- N: Qu'est-ce que représentent pour vous les mathématiques ?
- T: Ah ! ça représente essentiellement le langage théorique universel. C'est-à-dire qu'à mon avis, les seules possibilités rigoureuses d'accéder à une pensée ayant validité universelle se font par les mathématiques ou par des lois mathématiques; autrement dit, je ne pense pas qu'on puisse, dans les sciences, avoir une théorisation à validité réellement universelle fondée uniquement sur des concepts exprimés par des mots du langage ordinaire, si ces concepts ne sont pas capables de s'exprimer mathématiquement en terme d'entités fondamentales comme l'espace et le temps; ce qui est le cas en physique, n'est-ce pas ?
En physique, les concepts peuvent s'exprimer mathématiquement à partir de données de l'espace et du temps, de données spatio-temporelles. Des concepts qui ne permettent pas ce genre de réduction seront toujours suspects et l'espoir de la théorie des catastrophes précisément, c'est qu'il existe dans les univers conceptuels des espèces de germes d'analyticité locale autour desquels on puisse faire une sorte de théorisation mathématique.
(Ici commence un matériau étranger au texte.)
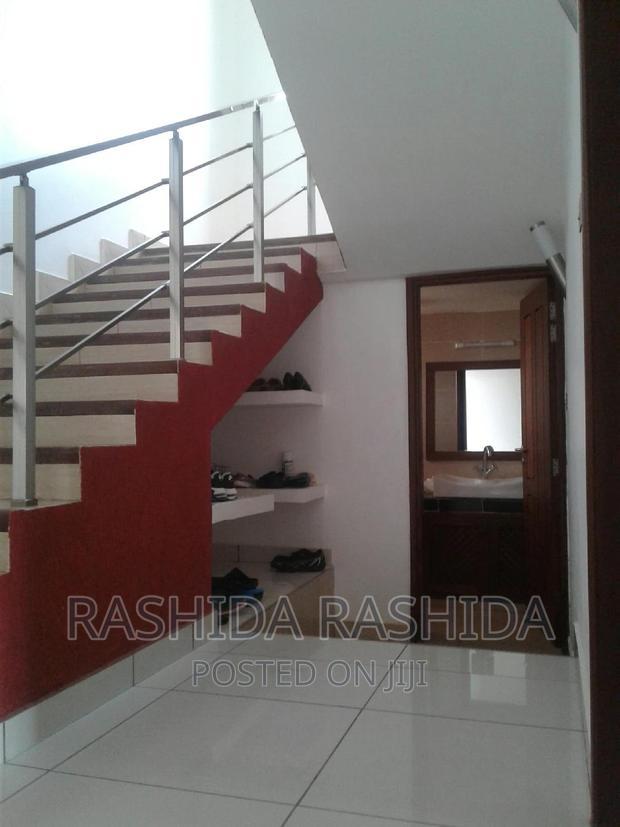 4bdrm Maisonette in Vipingo Beach for sale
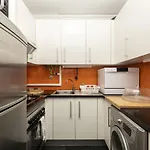 Typical Portuguese Apartment In Sao Bento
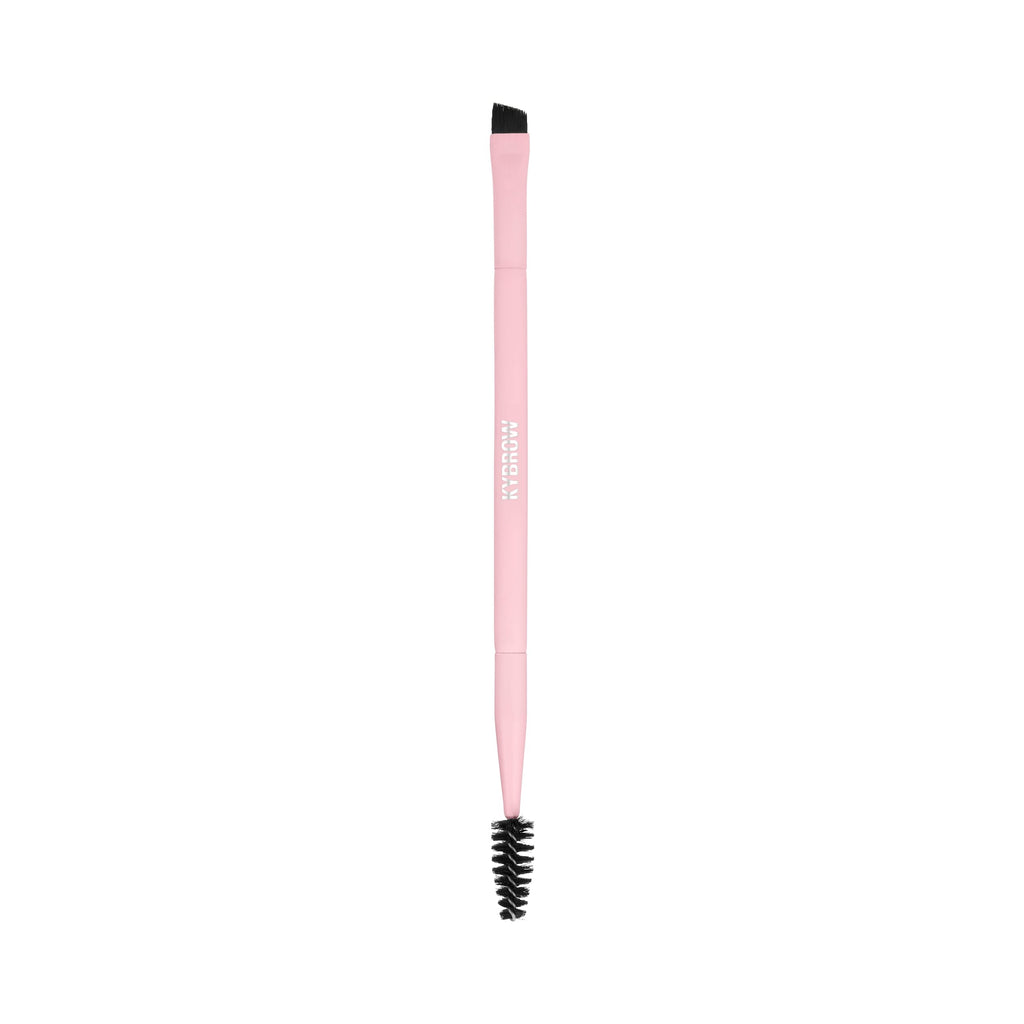 kyliecosmetics Kybrow Brush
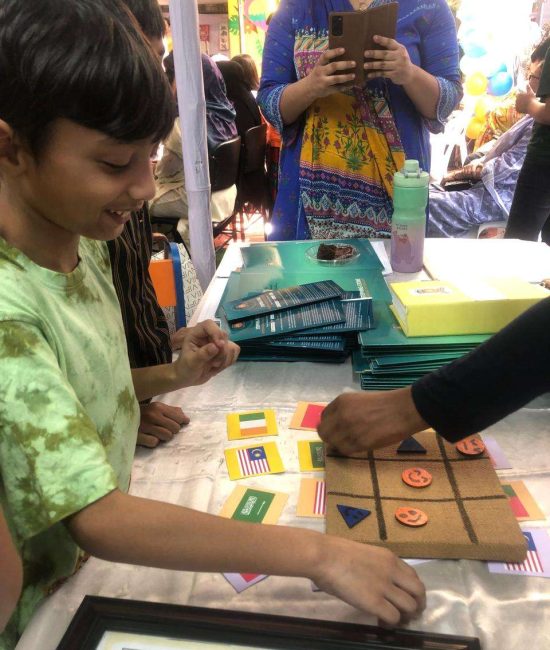 TeenMindsBd Event p75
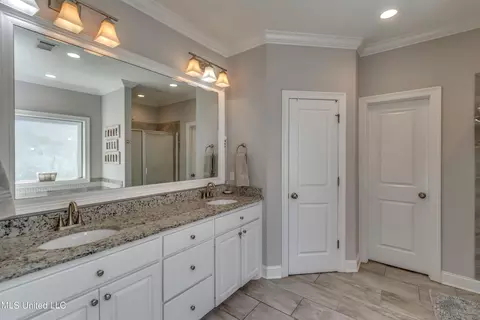 Bath - 216 Buttonwood Ln, Canton, MS 39046 photo 3 of 7
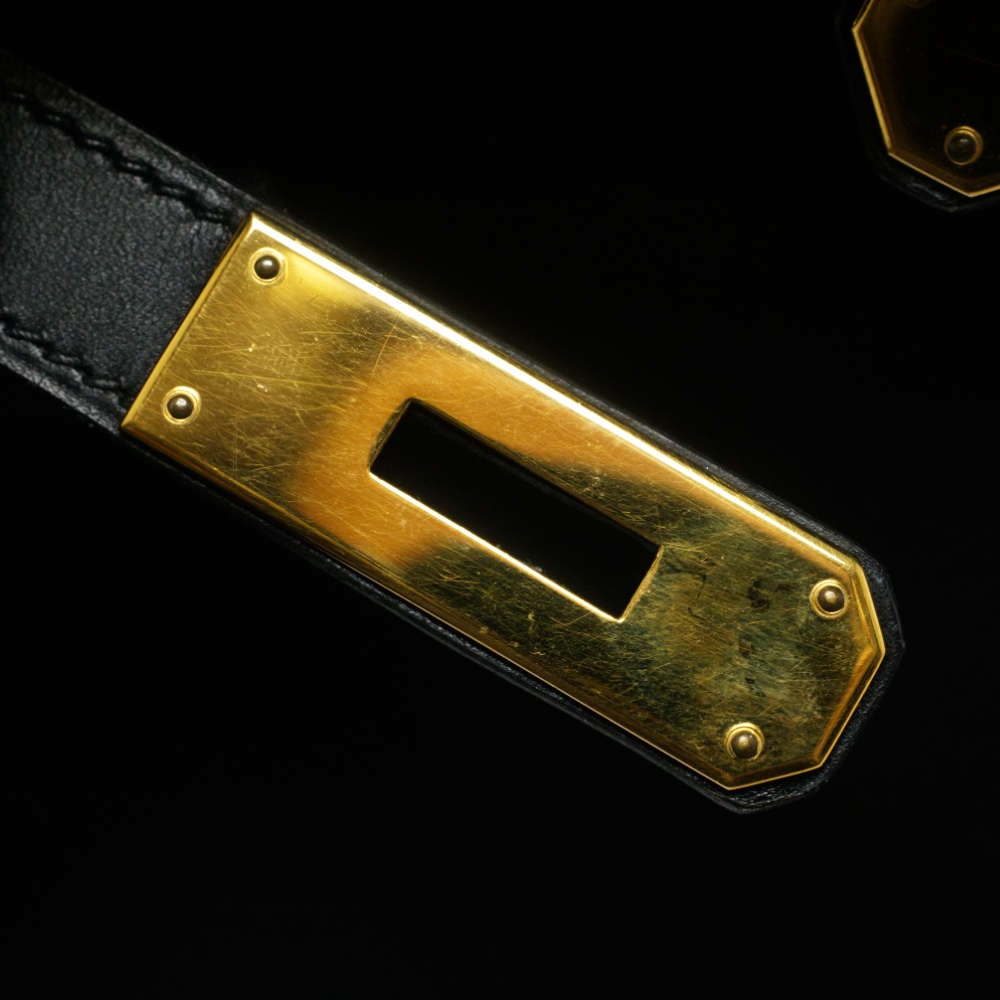 HERMES-KELLYSELLIER-32-BLACK-BOXCALF-7447 hw.jpg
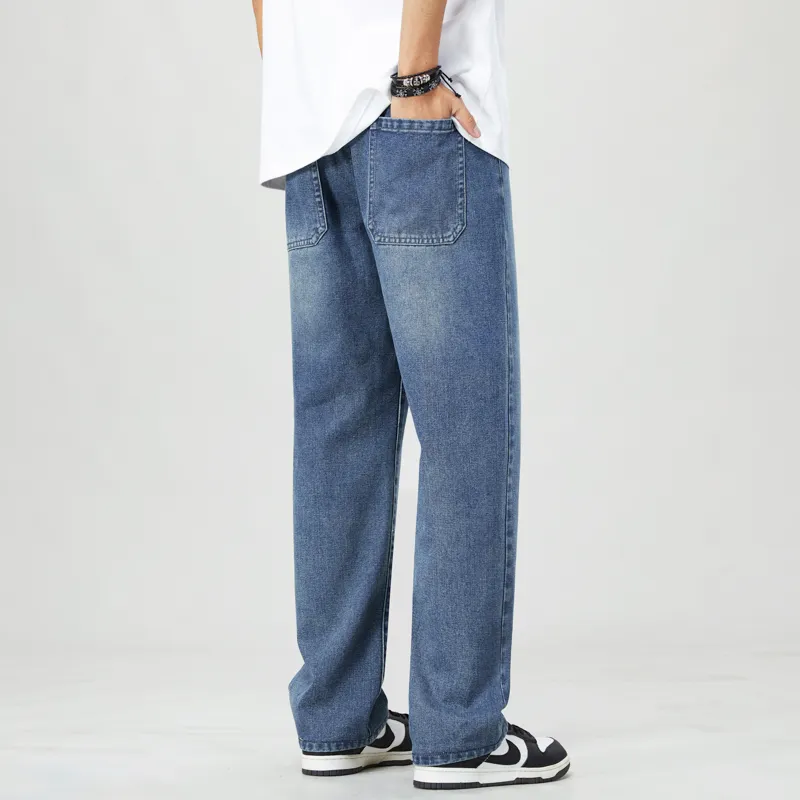 PIERRE CARDIN Jeans Men-6
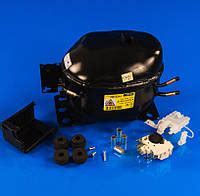 Компрессор Indesit - купить недорого на Prom.ua: цены, акции и отзывы ...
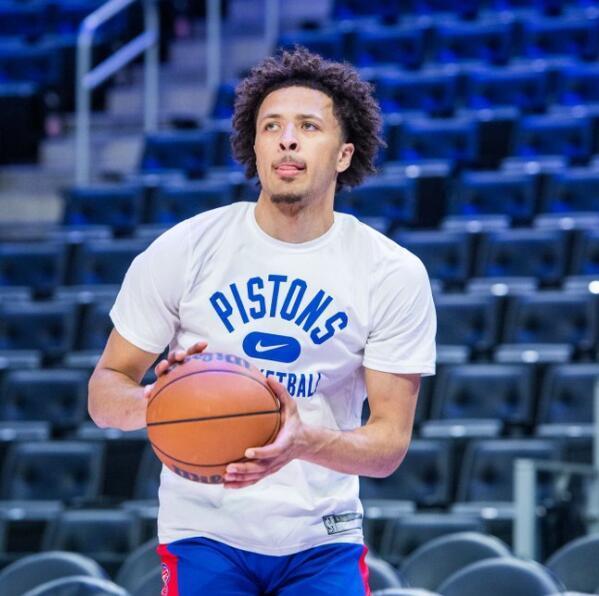 年轻射手打 年轻射手打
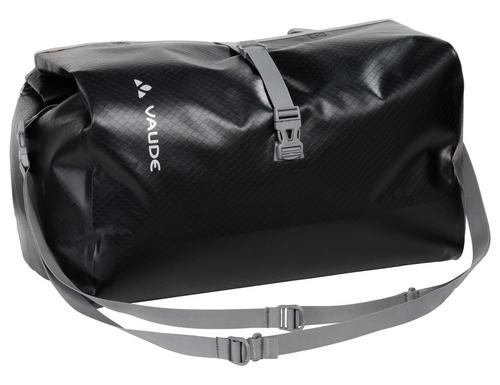 VAUDE Top Case (PL) Fahrradtasche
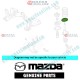 Mazda Genuine Spring Seat B25D-34-0A3 fits 99-04 MAZDA5 PREMACY [CP]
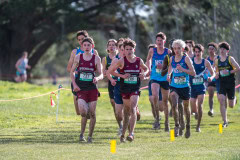 Australian-Cross-Country-Championships-2025x-0325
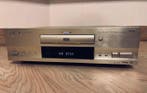Pioneer - DV-717 DVD and Cd-speler, Nieuw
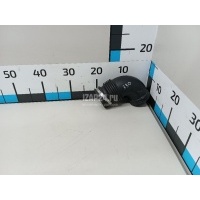 Патрубок воздушного фильтра Land Rover Range Rover III (LM) (2002 - 2012) LR030209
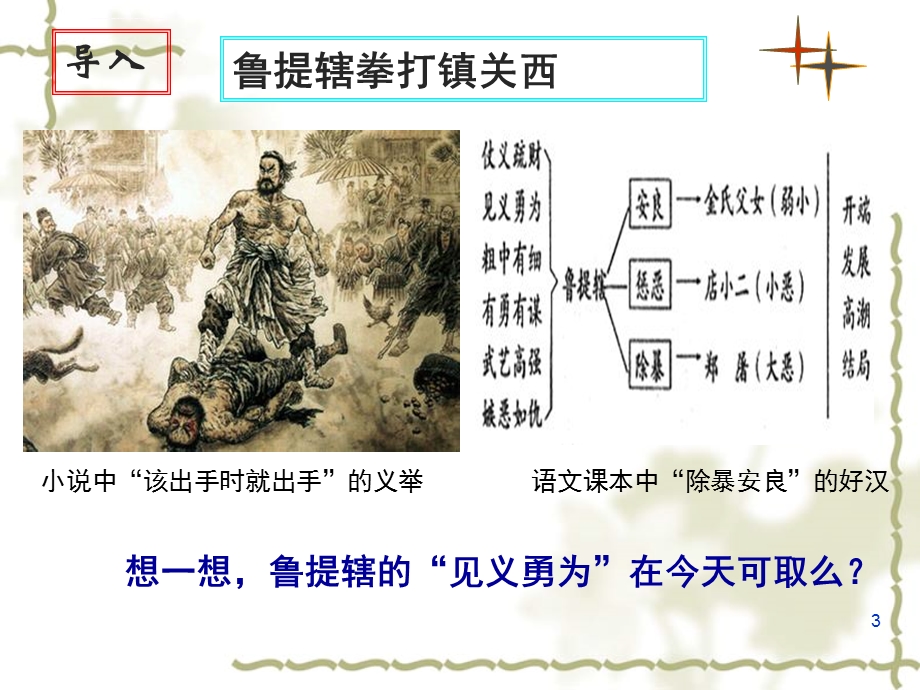 公开课：崇尚程序正义ppt课件.ppt_第3页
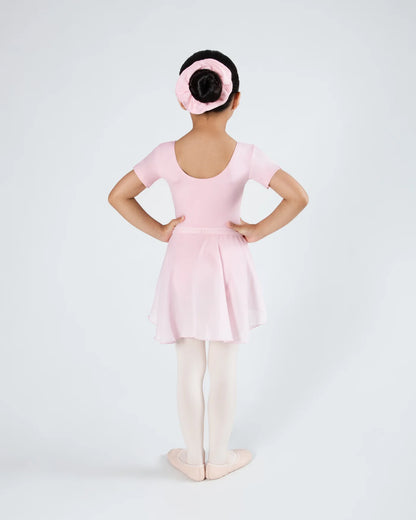 Energetiks-Davina-Skirt-In-Candy-Pink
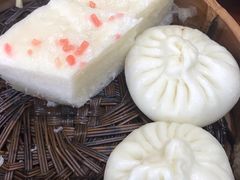 千层油糕-冶春茶社(太和广场店)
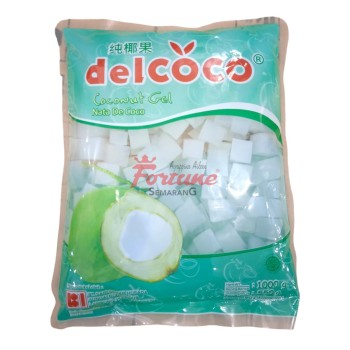 NATA DELCOCO 1KG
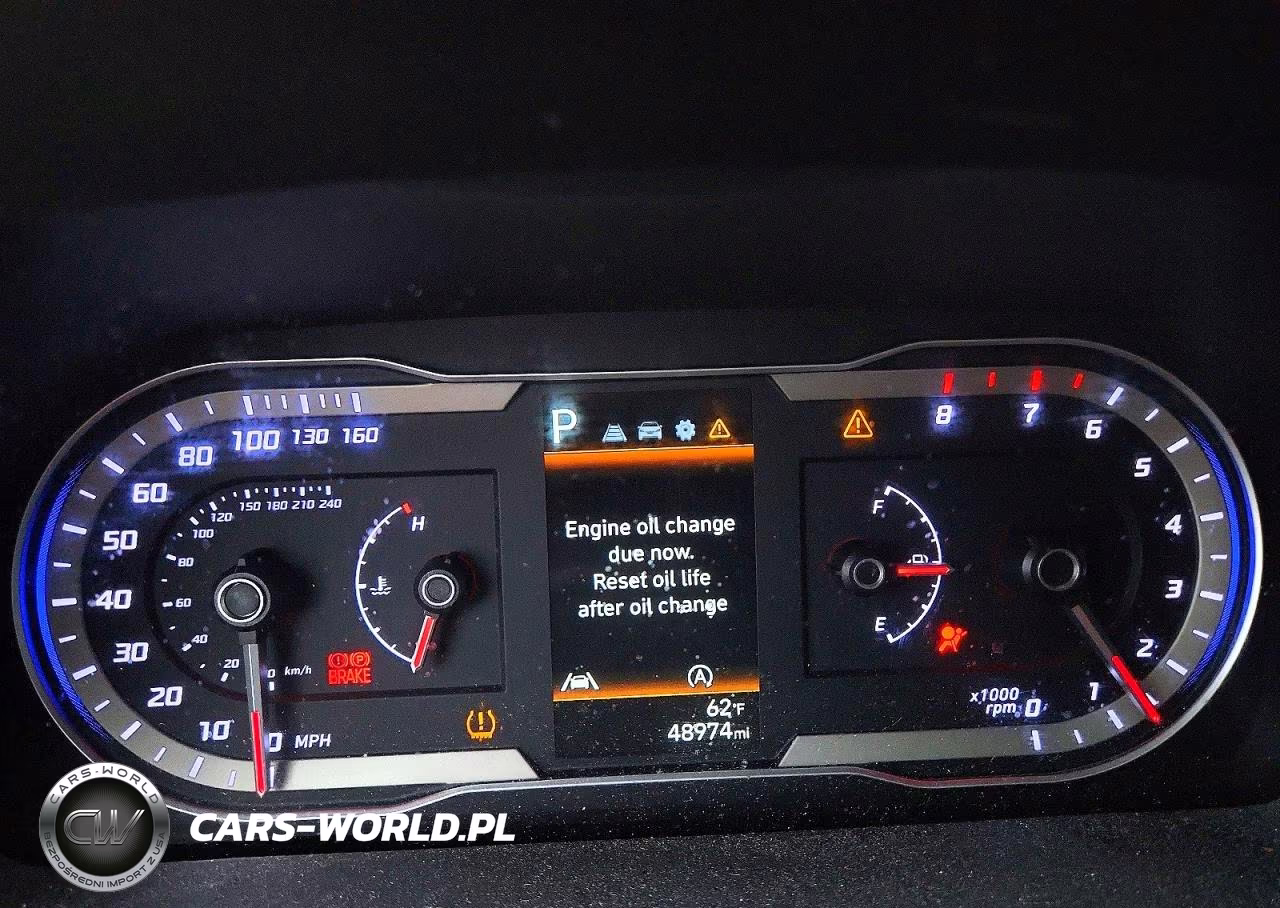 2023 Hyundai Tucson Sel VIN:5NMJBCAEXPH260328 - 9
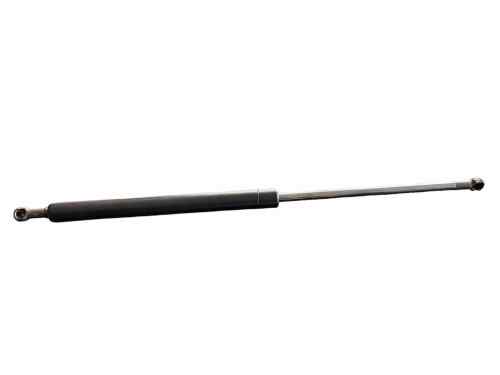 Siłownik obudowy BR 450/550 Putzmeister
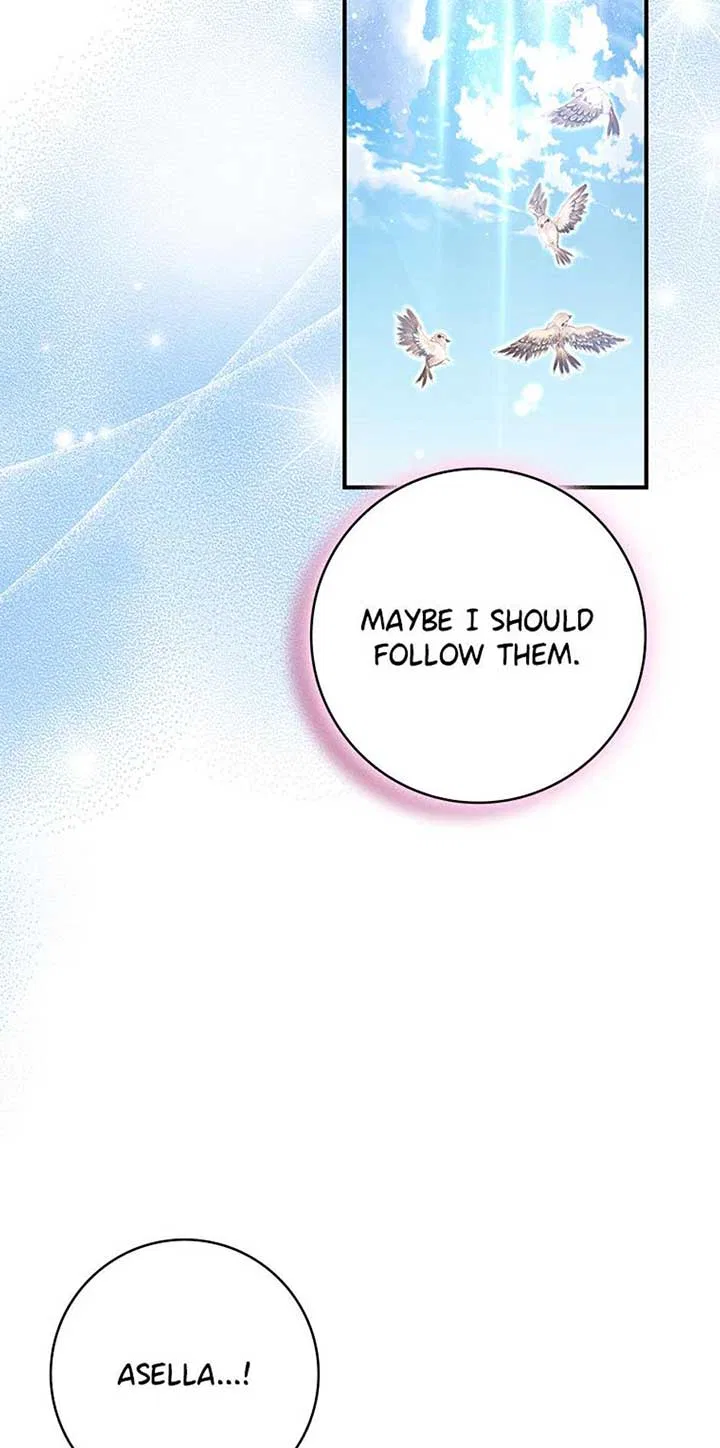 Don’t Be Obsessed With A Spirit Like Me! Chapter 106 – Page 117
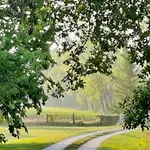 La Sorgente Alojamento de Turismo Rural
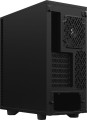 Fractal Design Define 7 Compact Solid Czarna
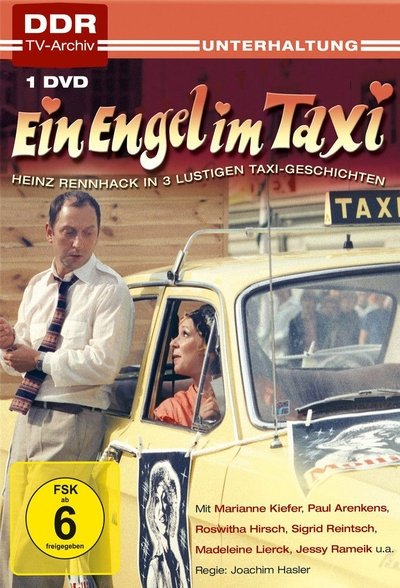 Watch Now!(1981) Ein Engel im Taxi Movie Online Free -123Movies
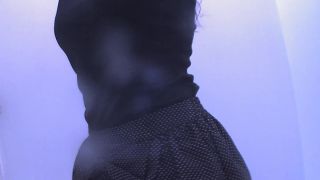 Hidden-Zone October 2020 - hz Pv886 | voyeur | voyeur -9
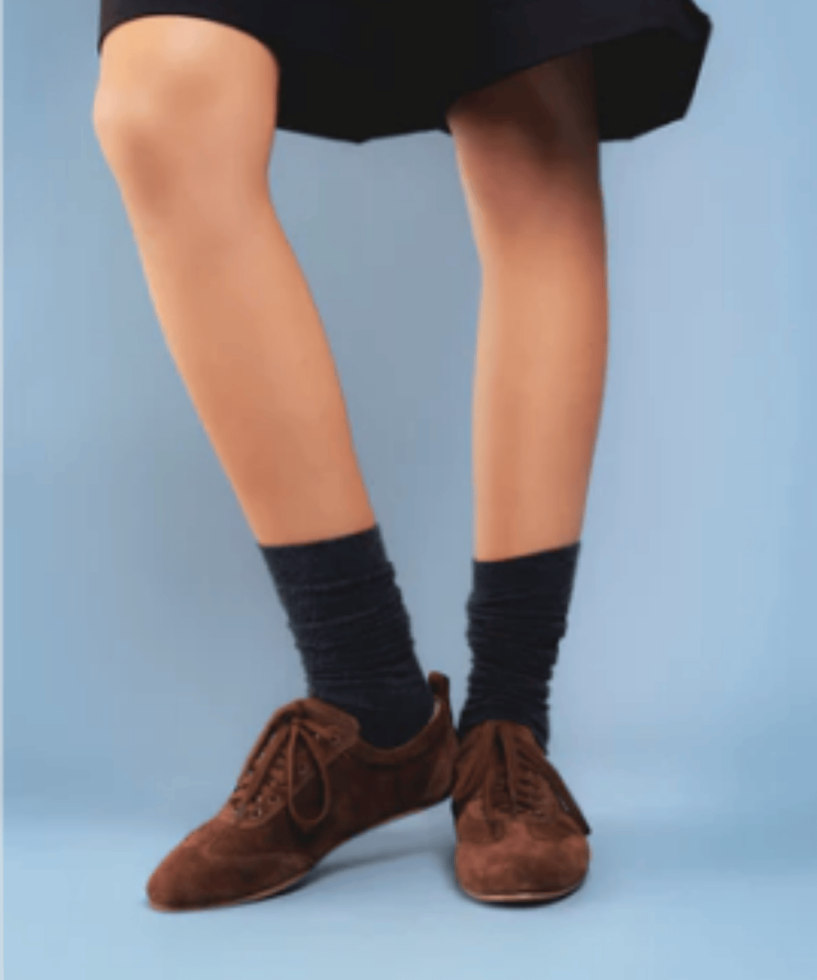 עיצוב ללא שם (89)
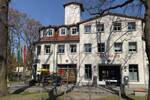 Einfamilienhaus Schönwalde-Glien Schönwalde-Siedlung - 6 Zimmer, 130 m&sup2;, 579.000&euro; | Angebot:26142793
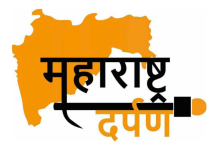 अजित पवारांच्या विमान अपघाताचा सस्पेन्स वाढला! जळालेल्या अवस्थेत सापडला ‘ब्लॅक बॉक्स’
C'est l'espoir qu'il puisse y avoir quelque chose comme une structure analytique universelle dans laquelle on travaille, ce qui est le cas en physique.
En physique on a une structure analytique universelle, parce qu'on a le groupe d'invariances de la physique: groupe de LORENTZ, groupe de GALILÉE, etc. et ces groupes permettent en quelque sorte de trivialiser tout le monde, tout l'univers parce qu'ils agissent transitivement et de cette manière, il y a une sorte de platitude universelle avec laquelle on peu opérer, on peut faire des mathématiques quantitatives; je ne pense pas que cette situation-là puisse être généralisée dans d'autres disciplines, mais on peut espérer qu'il y ait localement, dans les univers sémantiques en quelque sorte dans lesquels travaillent certains concepts, des situations à caractère localement analytique qui permettent d'énoncer des situations intéressantes et à caractère universel; c'est si vous voulez, la philosophie sous-jacente à la théorie des catastrophes.
- N: Autrement dit, c'est surtout ce caractère universel qui vous intéresse.
- T: Oui, oui, bien sûr.
- N: Je rapprocherai ça de ce que vous me disiez tout à l'heure: lorsque vous étiez en classe, vous pensiez déjà qu'il y avait possibilité de résoudre tous les problèmes.
- T: Oui, oui, c'est certain, je l'ai d'ailleurs écrit: il n'y a de théorisation que mathématique. De ce point de vue-là, je suis un impérialiste mathématique, c'est ce qu'on me reproche dans les autres disciplines ... Vous avez sans doute entendu parler des controverses actuelles sur la théorie des catastrophes ? Je pense que les gens n'ont pas réalisé le côté subversif de cette théorie. Le jour où ils l'auront réalisé, on pourra s'attendre à ce qu'il y ait des résistances encore beaucoup plus fortes parce que, au fond, les mathématiques, vis-à-vis des autres disciplines, ont accepté un rôle purement routinier.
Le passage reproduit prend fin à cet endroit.